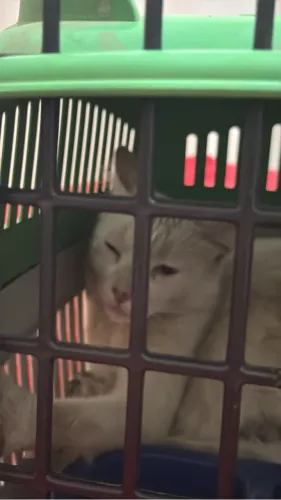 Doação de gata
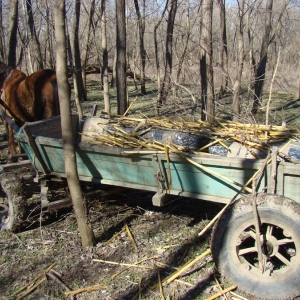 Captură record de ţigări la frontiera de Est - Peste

--- --- ---

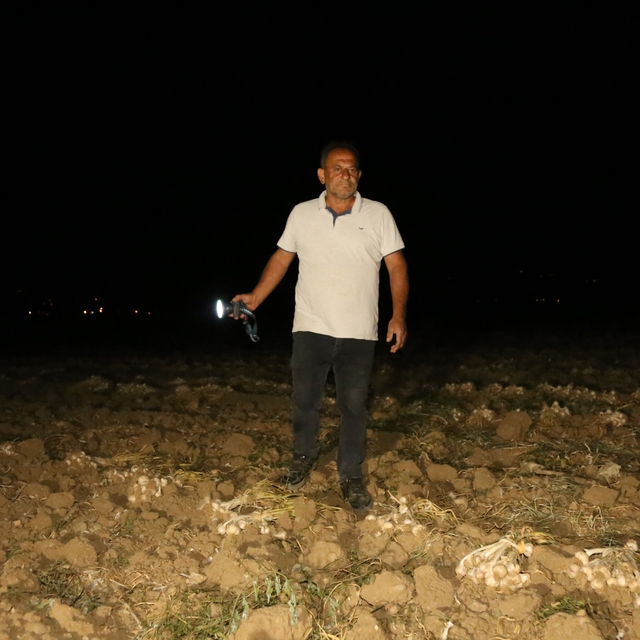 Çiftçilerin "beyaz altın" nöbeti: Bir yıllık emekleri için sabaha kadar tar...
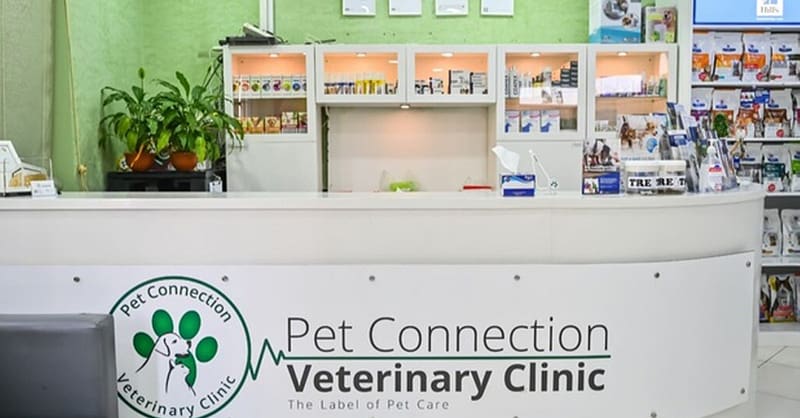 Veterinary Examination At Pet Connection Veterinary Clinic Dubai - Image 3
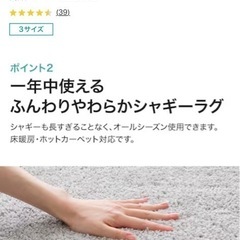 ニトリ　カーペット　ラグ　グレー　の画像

--- --- ---

### Your goal
For the entries above, print exactly the lines between the one with "sabaha kadar tar..." and the one with "ニトリ　カーペット　ラグ　グレー　の画像", inclusive, with no pictures.

### Expected output
 Çiftçilerin "beyaz altın" nöbeti: Bir yıllık emekleri için sabaha kadar tar...
 Veterinary Examination At Pet Connection Veterinary Clinic Dubai - Image 3
 ニトリ　カーペット　ラグ　グレー　の画像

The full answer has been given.